═══ Task inputs

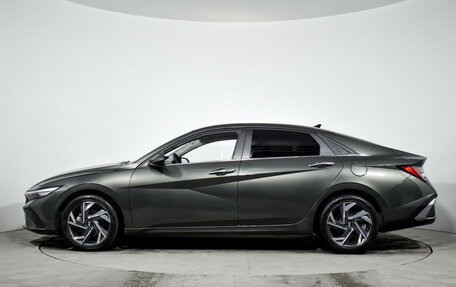 Hyundai Elantra, 2024 год, 2 148 960 рублей, 9 фотография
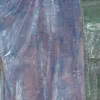 A Female Figure In A Landscape-d1 by Sir Edward Coley Burne-Jones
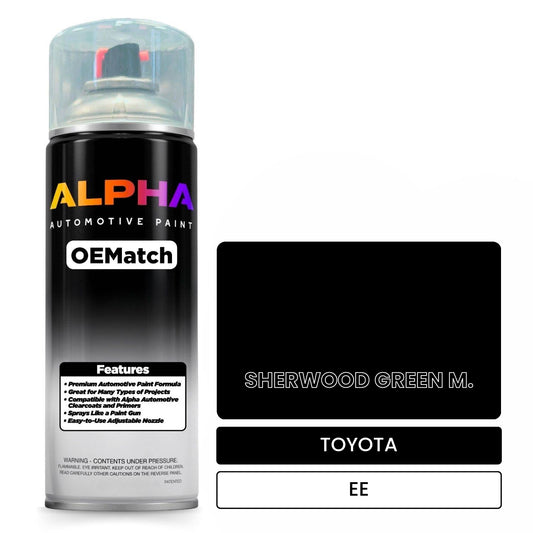 TOYOTA SHERWOOD GREEN M. EE OEMatch Spraycan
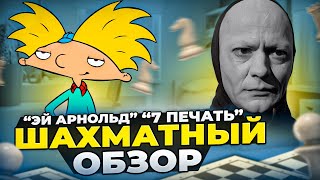 Шахматы в фильме «Седьмая печать» и мультсериале «Эй, Арнольд»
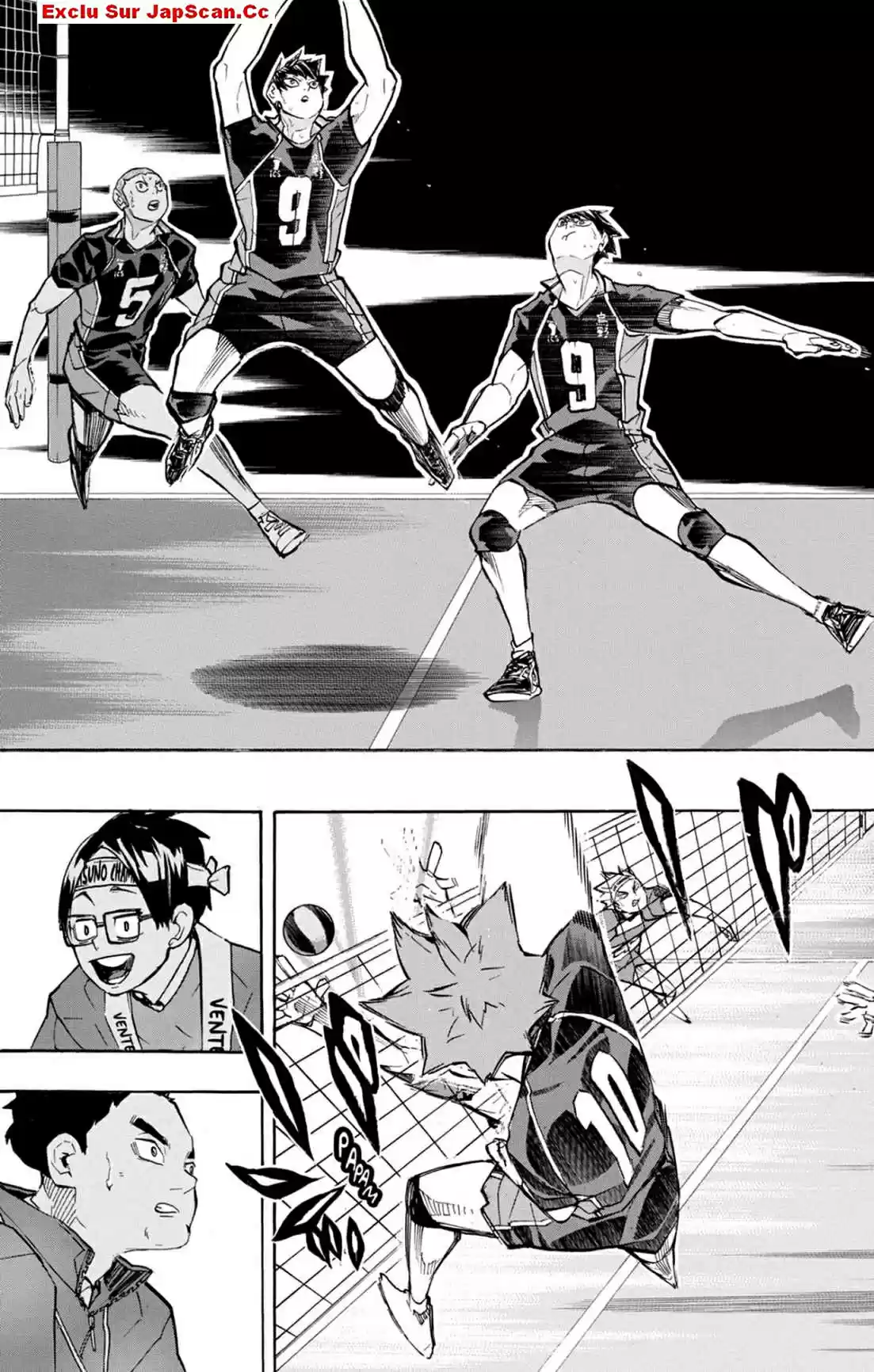 Read Haikyuu FR Manga Online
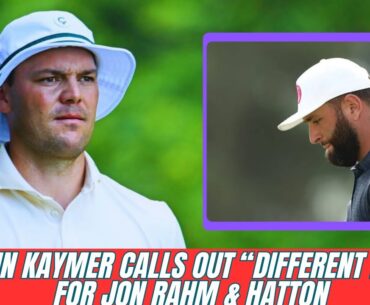 LIV Golf Controversy EXPLODES: Martin Kaymer Calls Out “Different Rules” for Jon Rahm & Hatton 😳⛳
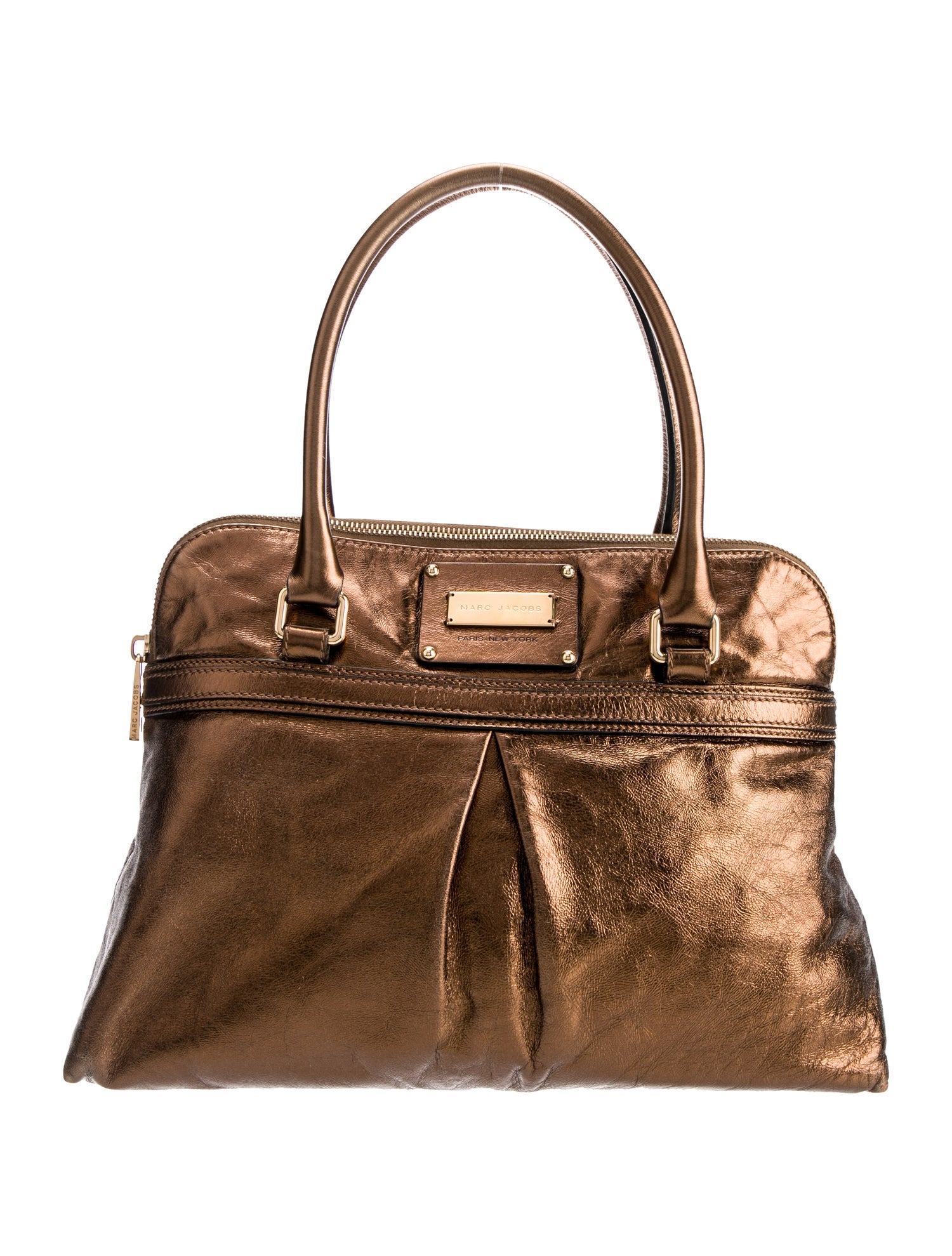 Marc Jacobs Leather Top Handle Bag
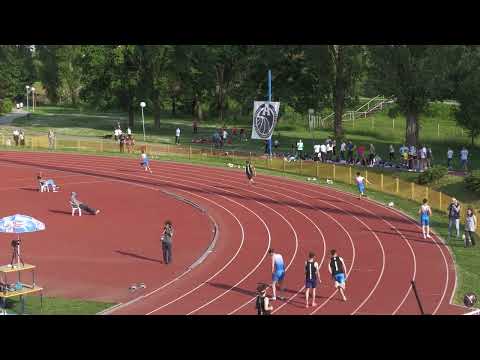 4x200m SENIORI [M], II. skupina, 2. Agram I i 3. Agram II - Prvenstvo Hrvatske u štafetama 2024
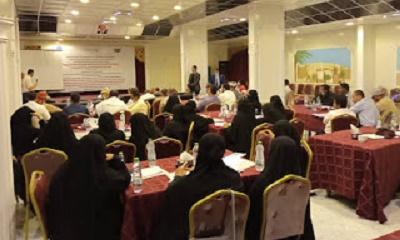 مؤسسة بنت الريف للتنمية بالقطن تشارك في الورشة الاستشارية الختامية لمتابعة قضايا السلامة المجتمعية
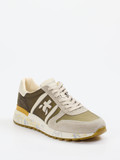 Premiata – Retro-Sneaker aus Veloursleder und Nylon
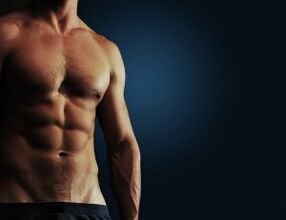 Penis enlargement man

══════

** Problem details **
All lines from the one containing "Marc Jacobs Leather Top Handle Bag" through the end of the entries, both ends included, should be written out exactly, with no pictures.

** Solution below **
 Marc Jacobs Leather Top Handle Bag
 4x200m SENIORI [M], II. skupina, 2. Agram I i 3. Agram II - Prvenstvo Hrvatske u štafetama 2024
 مؤسسة بنت الريف للتنمية بالقطن تشارك في الورشة الاستشارية الختامية لمتابعة قضايا السلامة المجتمعية
 Premiata – Retro-Sneaker aus Veloursleder und Nylon
 Penis enlargement man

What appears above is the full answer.